### Exercise aim
Please reproduce the lines of the records below from the one holding "Forbes அதிக சம்பளம்" through the one holding "Cannondale Synapse Carbon", inclusive, skipping all pictures.

### Provided data
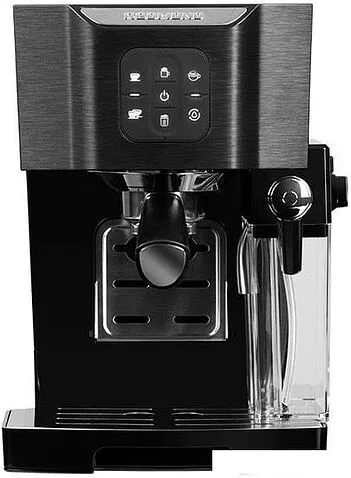 Рожковая помповая кофеварка Redmond RCM-1511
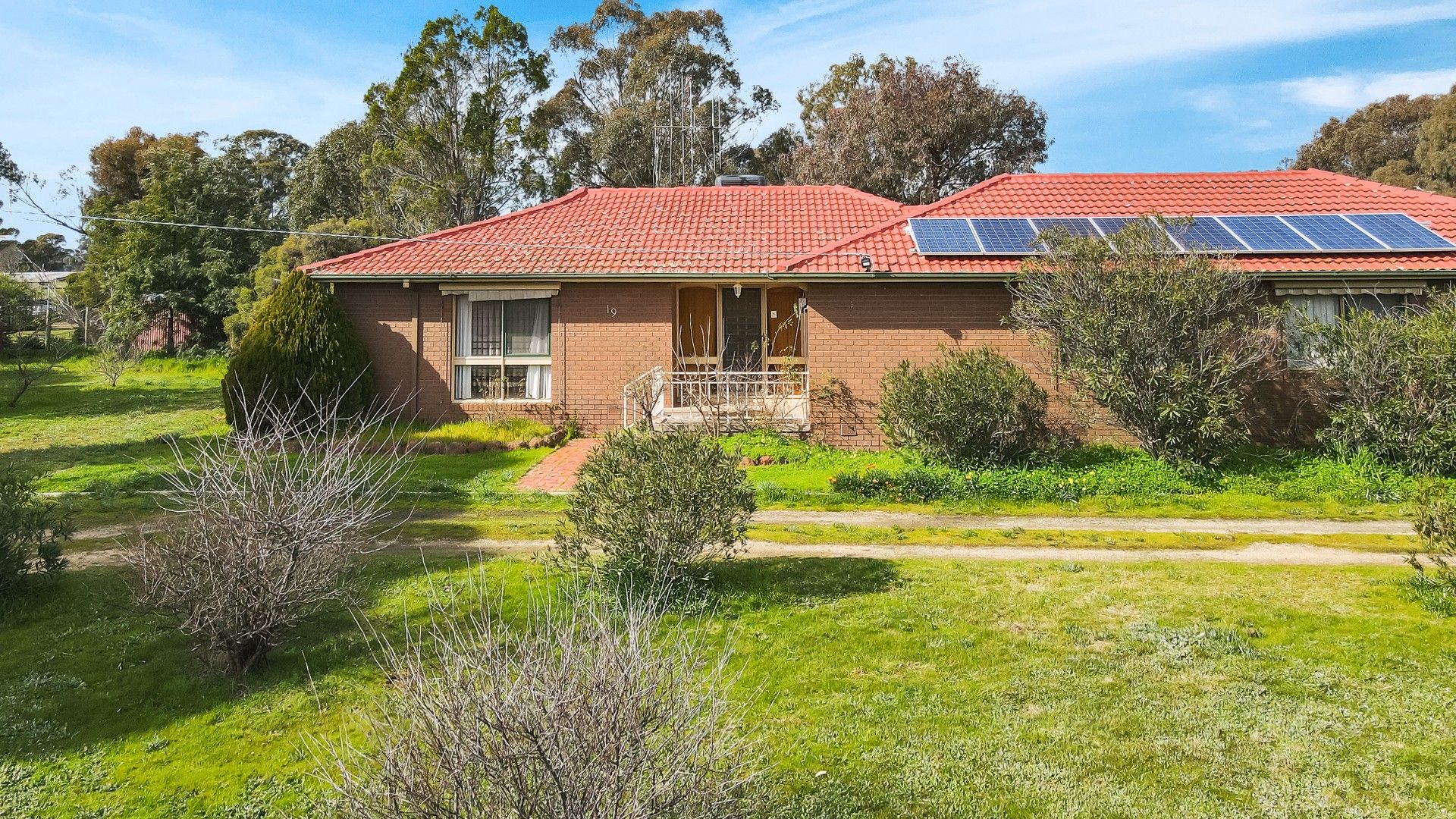 19 Egans Road, Huntly VIC 3551, Image 1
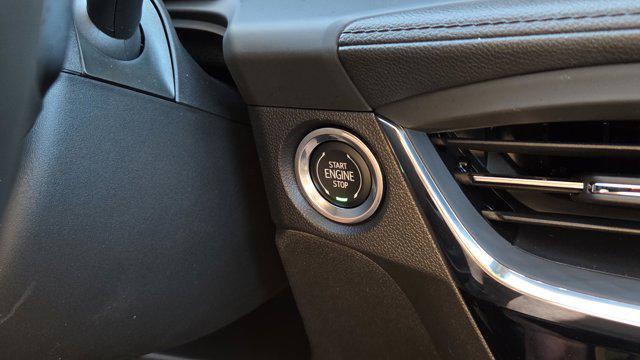 2026 Buick Encore GX Sport Touring FWD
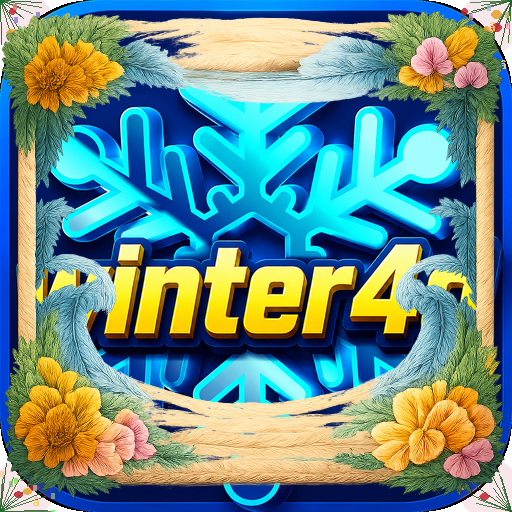winter4d — galeri pratinjau Resmi APK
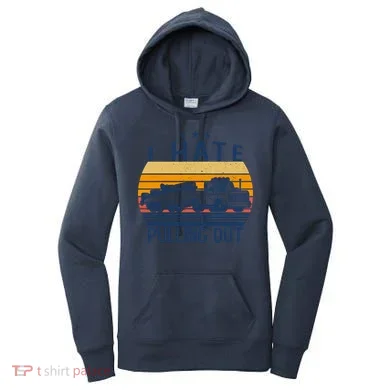 Women's Hoodie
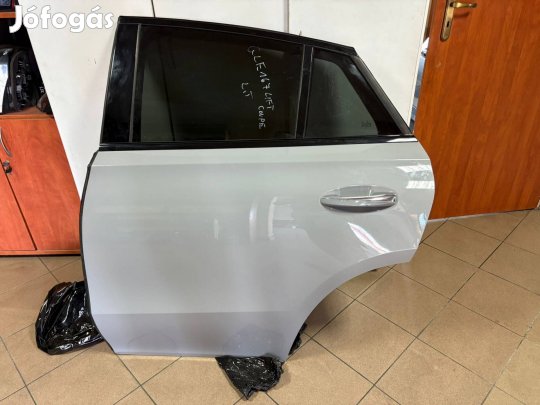 Mercedes Gle W167 Cupé bal hátsó ajtó 2023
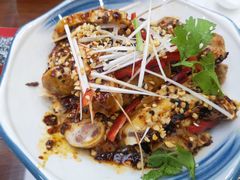 -洪兴砂锅·融合砂锅菜(星河城店)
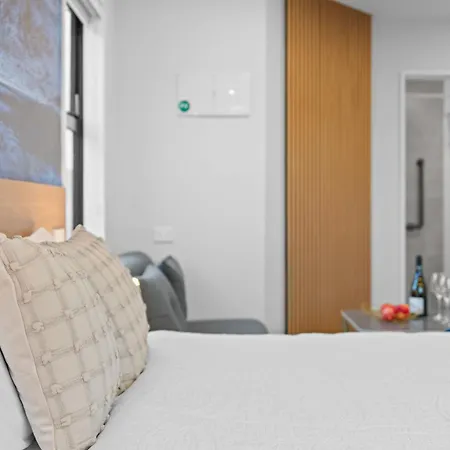 Sunshine Suites Lake Tekapo Exterior photo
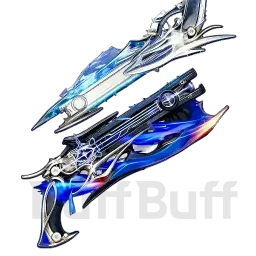 5 Star Weapon Bundle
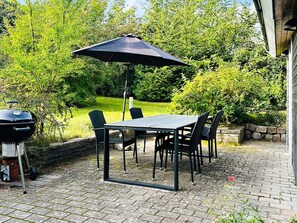 Ferienhaus | Speisen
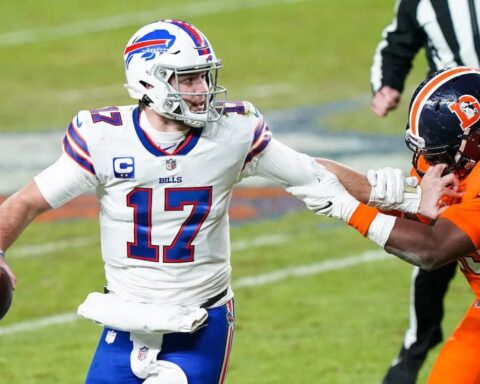 A few wild card surprises this week 1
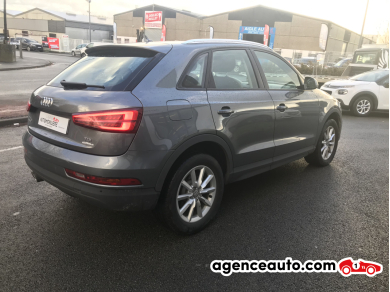 Audi Q3 — 6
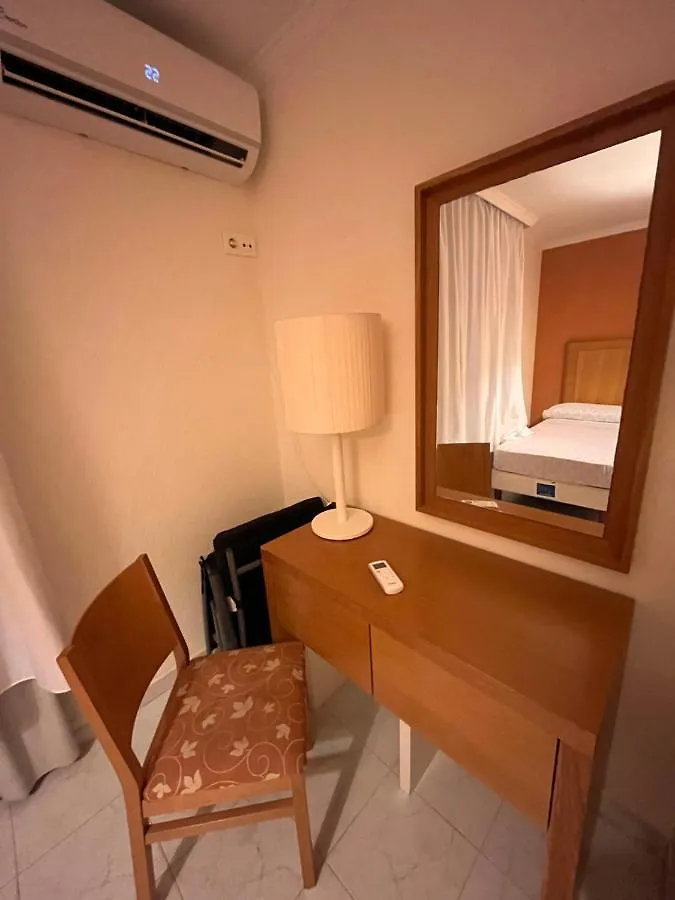 Apartment Duplex Vera Coast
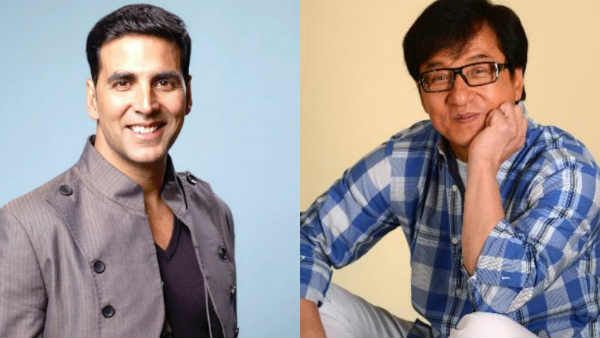 Forbes அதிக சம்பளம் வாங்கும் 10 நடிகர்கள்: ஜாக்கி சானை பின்னுக்குத் தள்ளிய அக்ஷய் குமார்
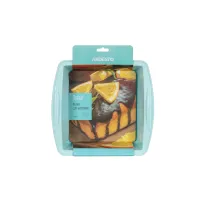 Форма для випікання Ardesto Tasty Baking Rectangle 26 x 25 x 6 см Blue (AR2321T) - 2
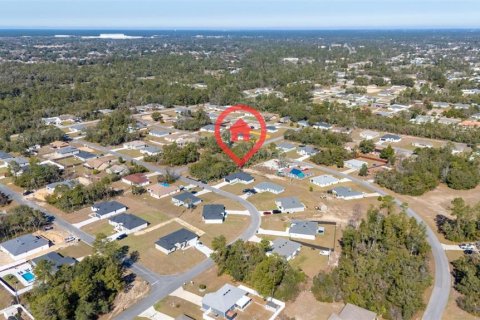 House in Ocala, Florida 4 bedrooms, 154.22 sq.m. № 1675430 - photo 23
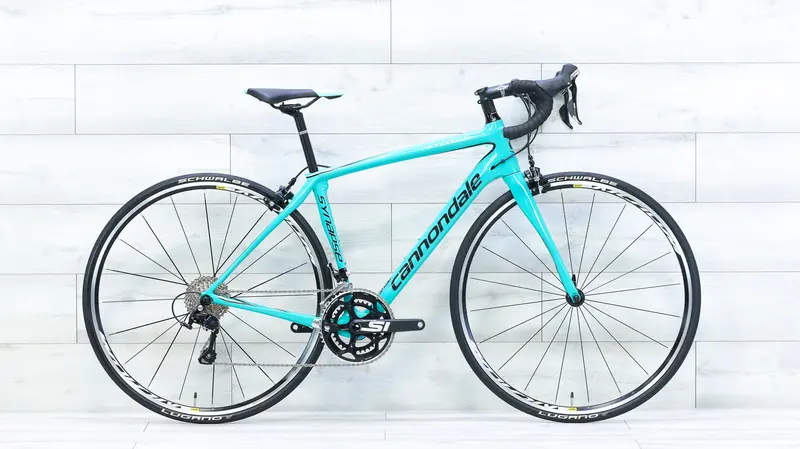 Cannondale Synapse Carbon 105 Road Bike - 2016, 51Cm 1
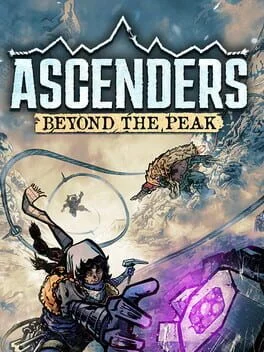Ascenders: Beyond the Peak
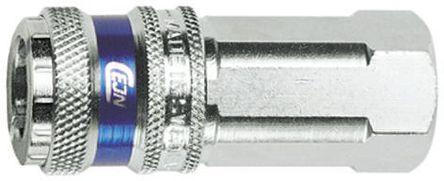 CEJN - 103151102 - CEJN 315 ϵ ĸ ͭ ӽͷ 103151102, 16 barѹ, Rc 1/4 		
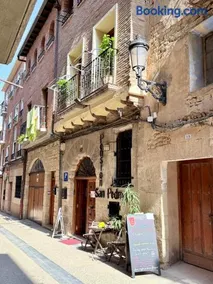 Pensión San Pedro - Image 2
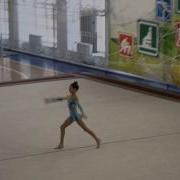 Дарья Рябова
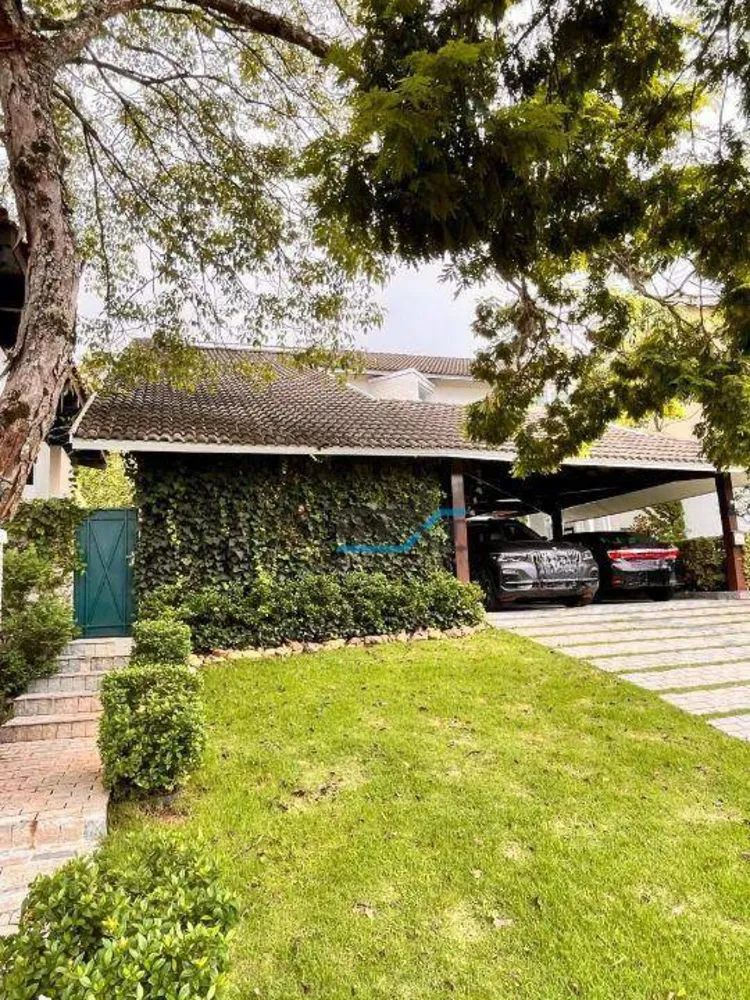 Casa de Condomínio, 4 quartos - Foto 3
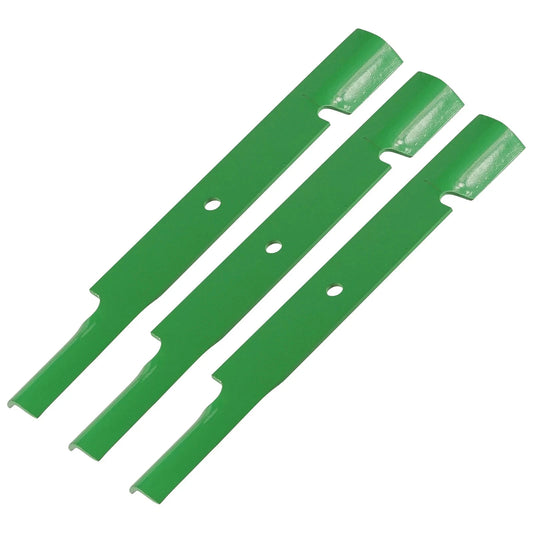 High Lifter Blade For Husqvarna ZTH6123 ZTH 6125 ZTH6126 61" ZeroTurn Commercial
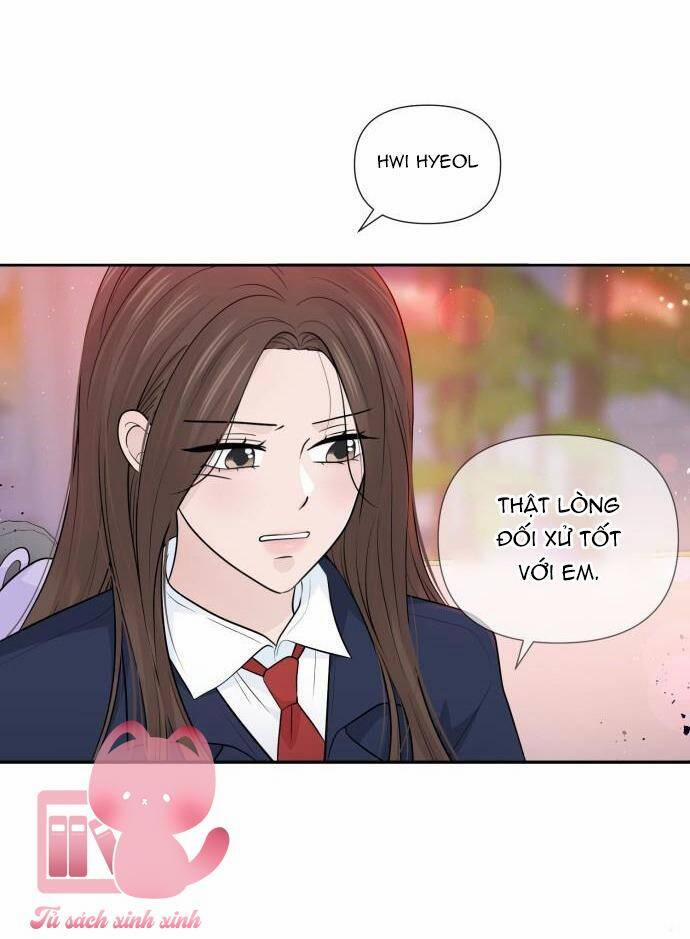 Lời Tỏ Tình Đi Lạc 67 trang 15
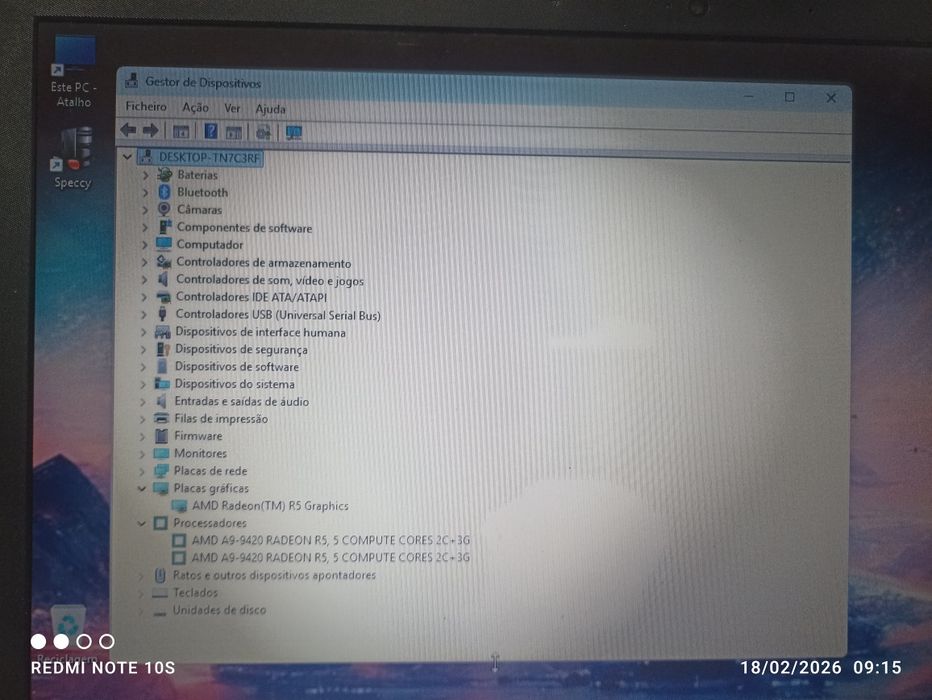 Hp Pavilion TPN C130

### Response to this exercise
 Forbes அதிக சம்பளம் வாங்கும் 10 நடிகர்கள்: ஜாக்கி சானை பின்னுக்குத் தள்ளிய அக்ஷய் குமார்
 Форма для випікання Ardesto Tasty Baking Rectangle 26 x 25 x 6 см Blue (AR2321T) - 2
 House in Ocala, Florida 4 bedrooms, 154.22 sq.m. № 1675430 - photo 23
 Cannondale Synapse Carbon 105 Road Bike - 2016, 51Cm 1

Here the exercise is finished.